* _TASK ITEM_: Copy the lines running from the one that contains "Tabla de planchar" to the end of the entries below, exactly and with no pictures.
┄┄┄┄┄┄┄┄┄┄┄┄┄┄┄┄┄┄┄┄
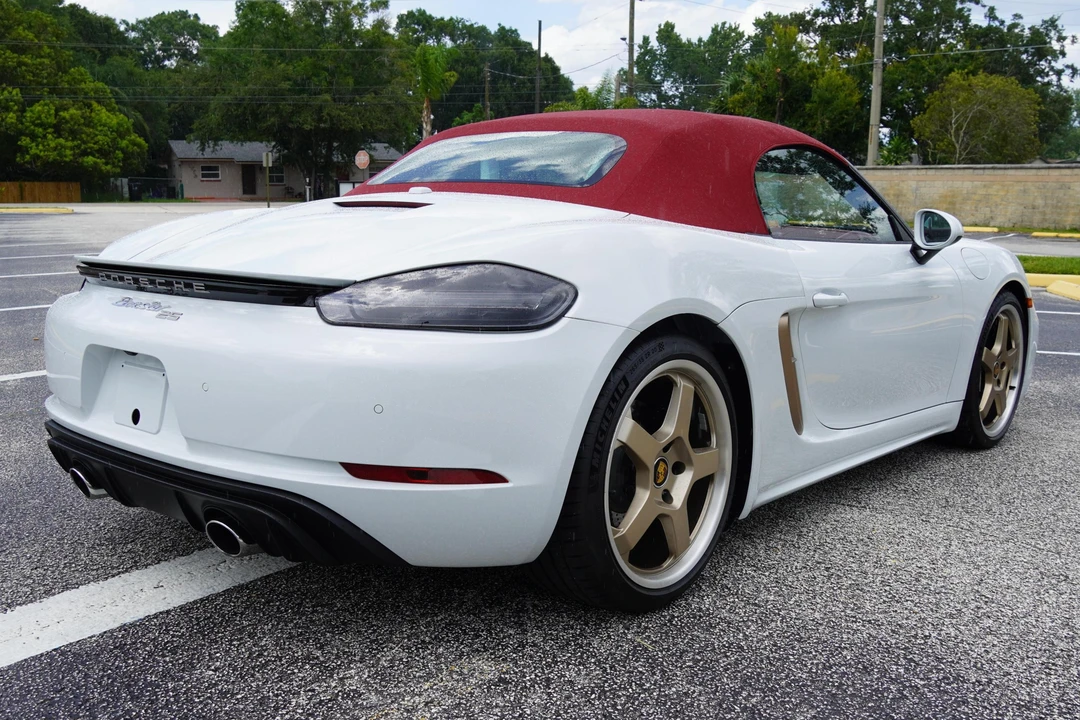 2022 Porsche 718 Boxster - Image 4 of 31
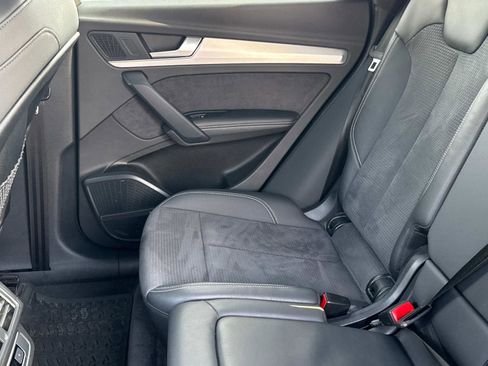 Used 2021 Audi Q5 e Premium Plus w/ Premium Plus Package image 13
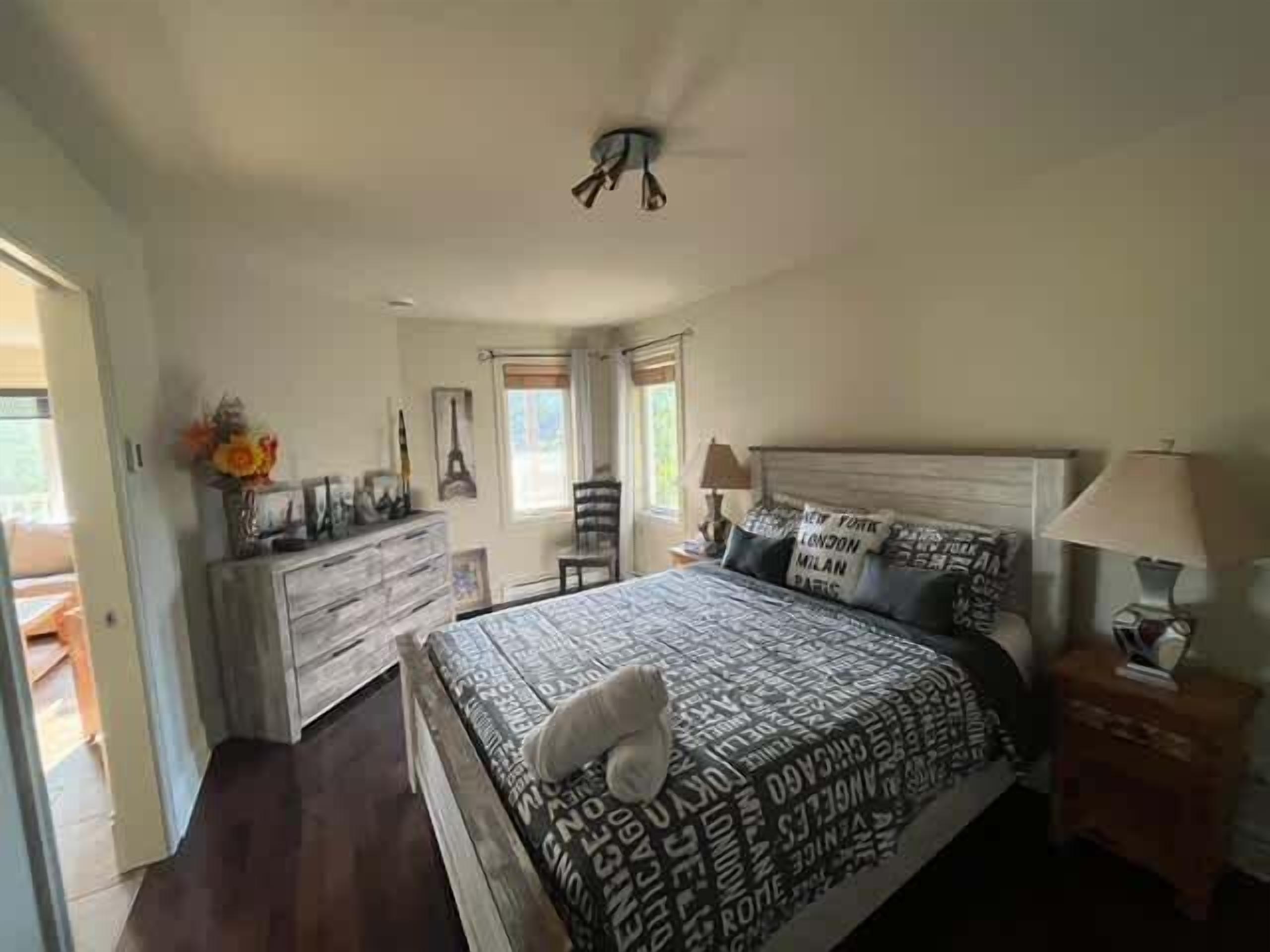 Tabla de planchar con plancha, wifi y ropa de cama 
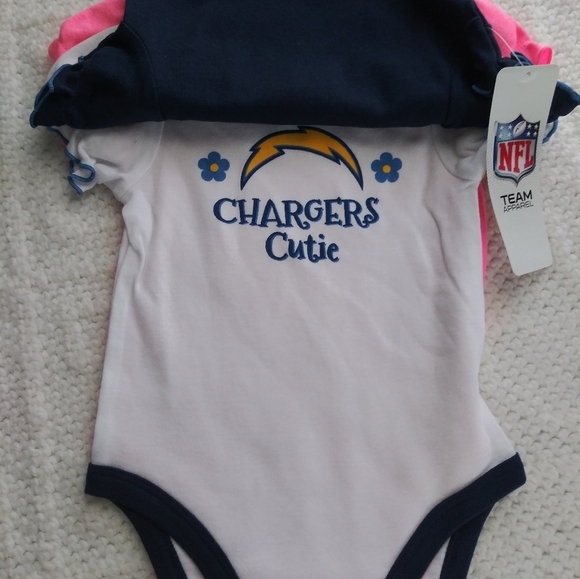 Los Angeles Chargers Team Apparel Onesies - Picture 3 of 6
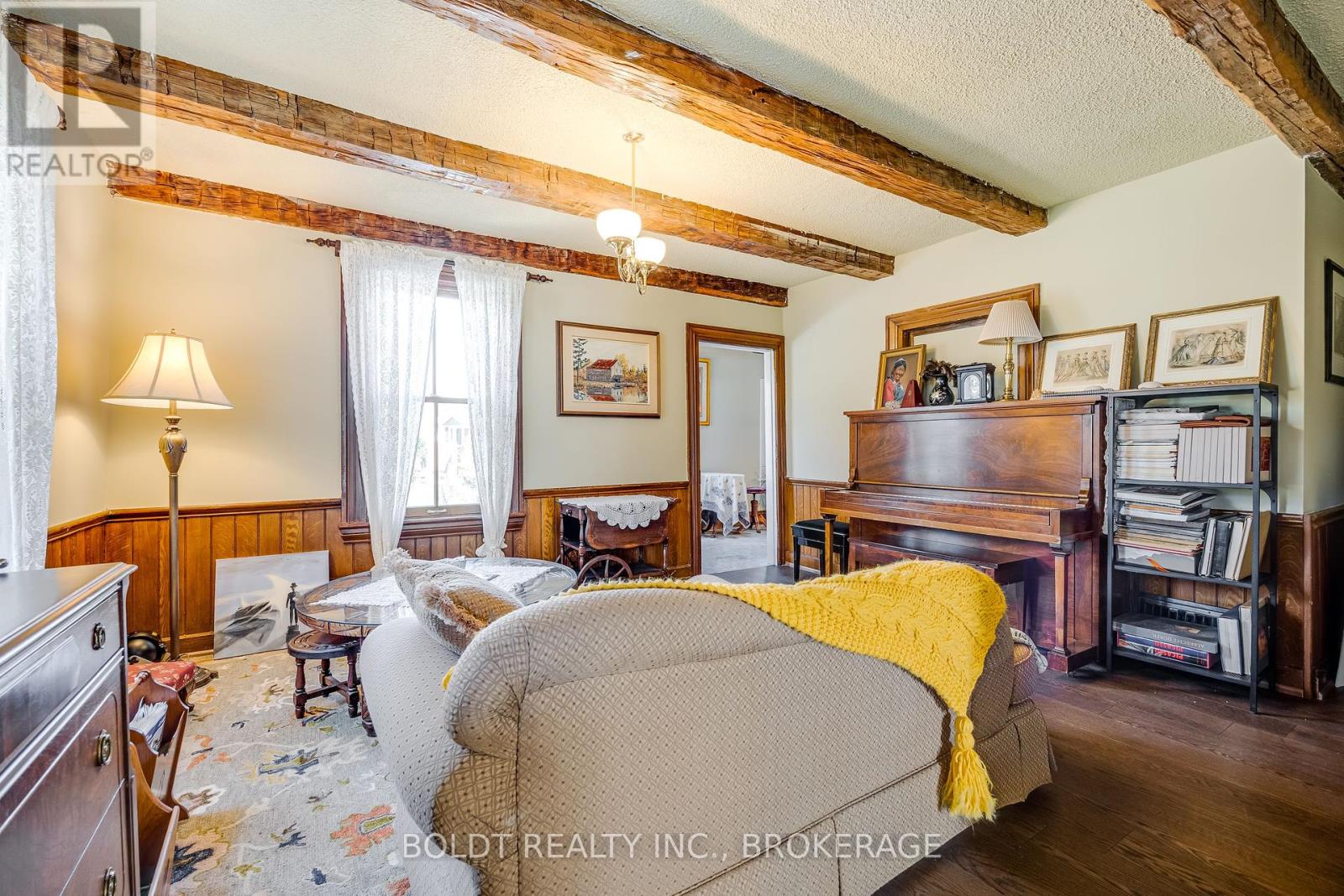 2440 Decew Road, Thorold, Ontario  L0S 1E6 - Photo 25 - X12088131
┄┄┄┄┄┄┄┄┄┄┄┄┄┄┄┄┄┄┄┄
* _EXERCISE OUTPUT_:
 Tabla de planchar con plancha, wifi y ropa de cama 
 Los Angeles Chargers Team Apparel Onesies - Picture 3 of 6
 2440 Decew Road, Thorold, Ontario  L0S 1E6 - Photo 25 - X12088131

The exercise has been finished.